--- REQUIRED ACTION ---
Pictures stay out of the copy. Retype exactly the lines below from the one with "Aya Yanagisawa –" through the one with "eller forskyve maktbalansen.".

--- EXTRACTED MATERIAL ---
· · ·
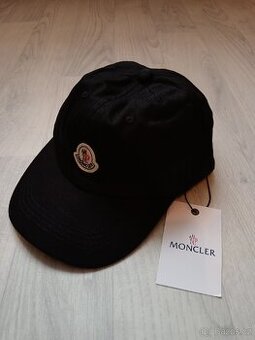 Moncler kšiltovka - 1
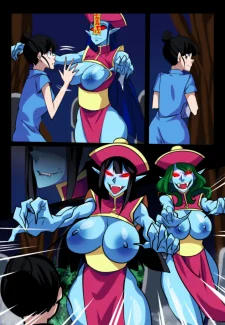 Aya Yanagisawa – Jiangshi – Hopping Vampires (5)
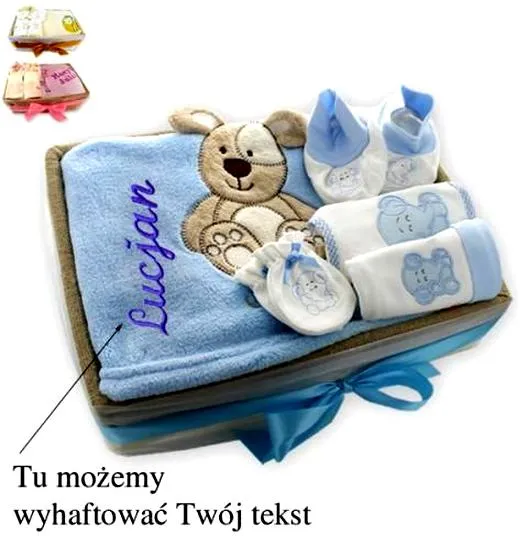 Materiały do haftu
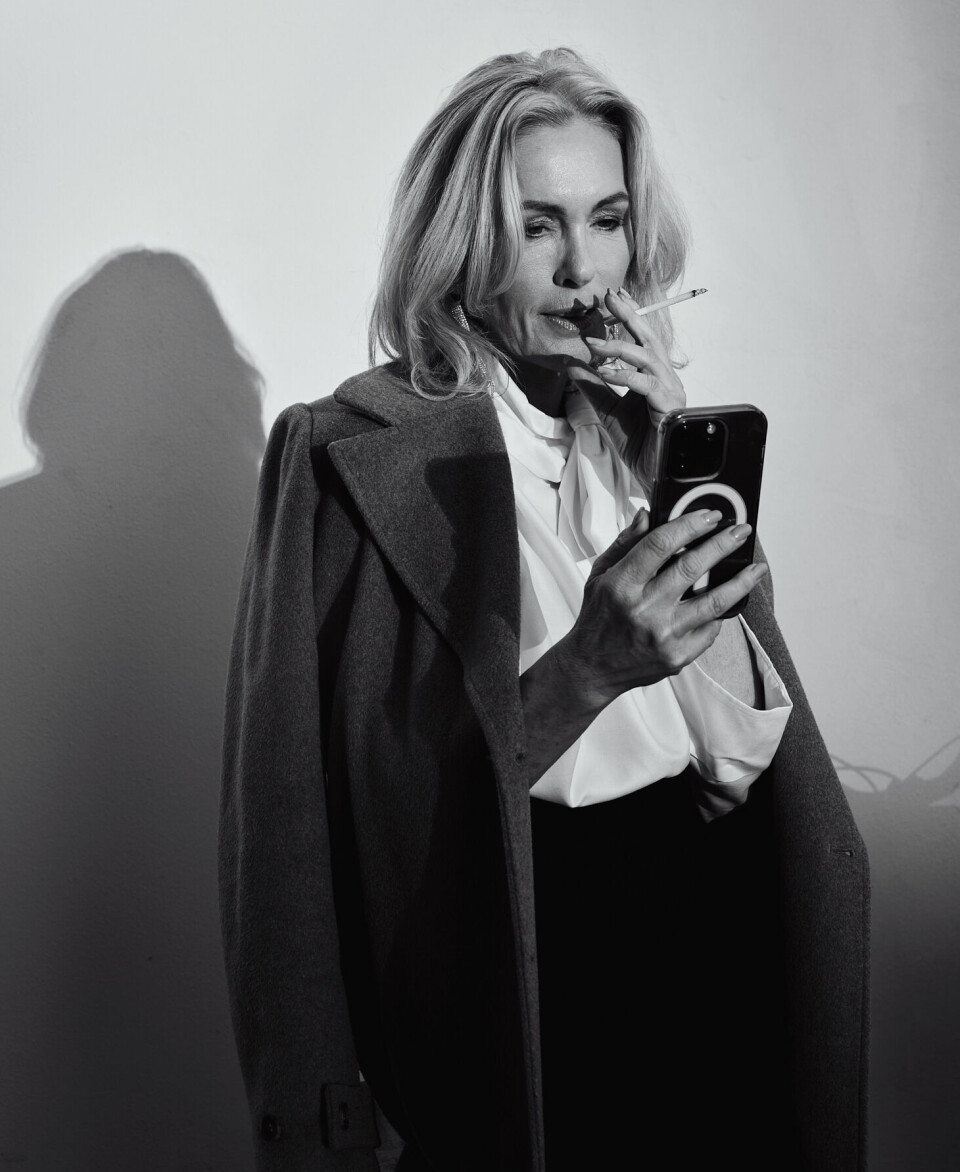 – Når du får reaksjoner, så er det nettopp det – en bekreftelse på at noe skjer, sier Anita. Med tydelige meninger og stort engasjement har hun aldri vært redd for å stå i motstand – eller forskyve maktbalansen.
· · ·
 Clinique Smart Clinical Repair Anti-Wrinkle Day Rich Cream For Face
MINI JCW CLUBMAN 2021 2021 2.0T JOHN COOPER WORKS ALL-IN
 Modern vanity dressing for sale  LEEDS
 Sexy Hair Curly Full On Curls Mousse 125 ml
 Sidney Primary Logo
· · ·
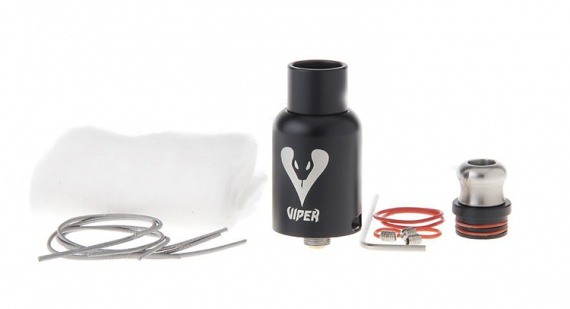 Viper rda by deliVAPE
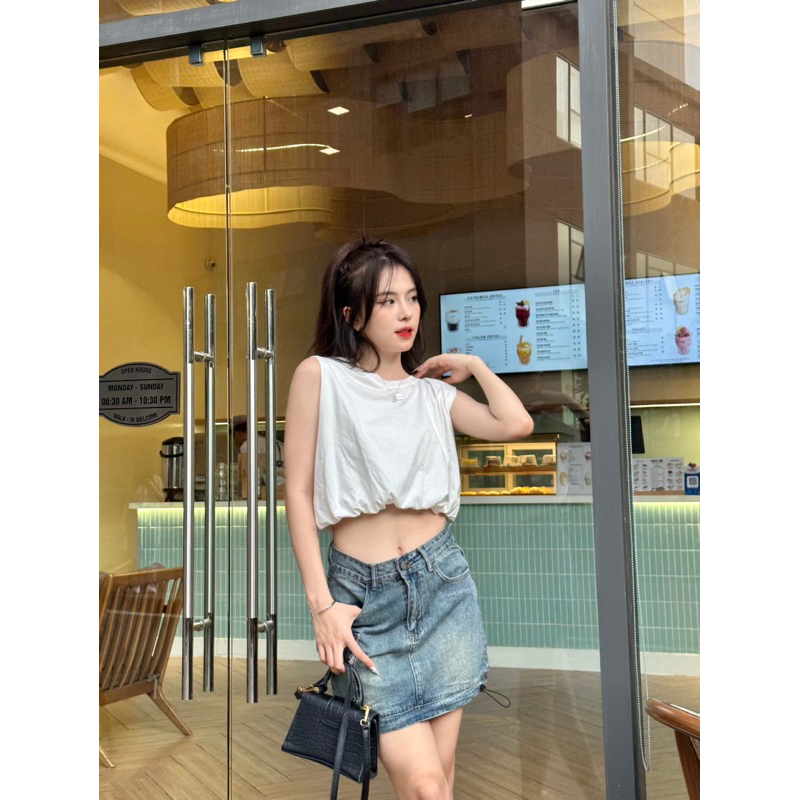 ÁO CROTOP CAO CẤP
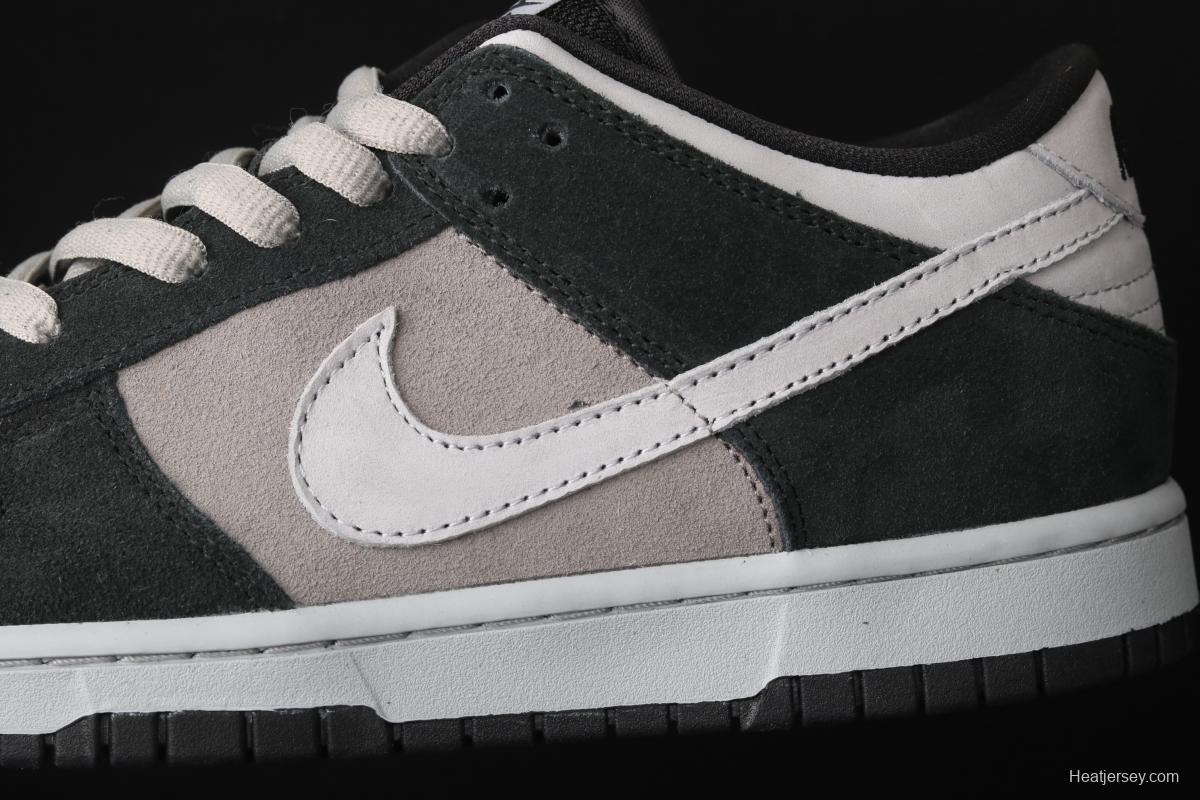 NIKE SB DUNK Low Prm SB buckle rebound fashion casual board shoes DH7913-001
· · ·
--- RESPONSE TO THIS EXERCISE ---
 Aya Yanagisawa – Jiangshi – Hopping Vampires (5)
 Materiały do haftu
 – Når du får reaksjoner, så er det nettopp det – en bekreftelse på at noe skjer, sier Anita. Med tydelige meninger og stort engasjement har hun aldri vært redd for å stå i motstand – eller forskyve maktbalansen.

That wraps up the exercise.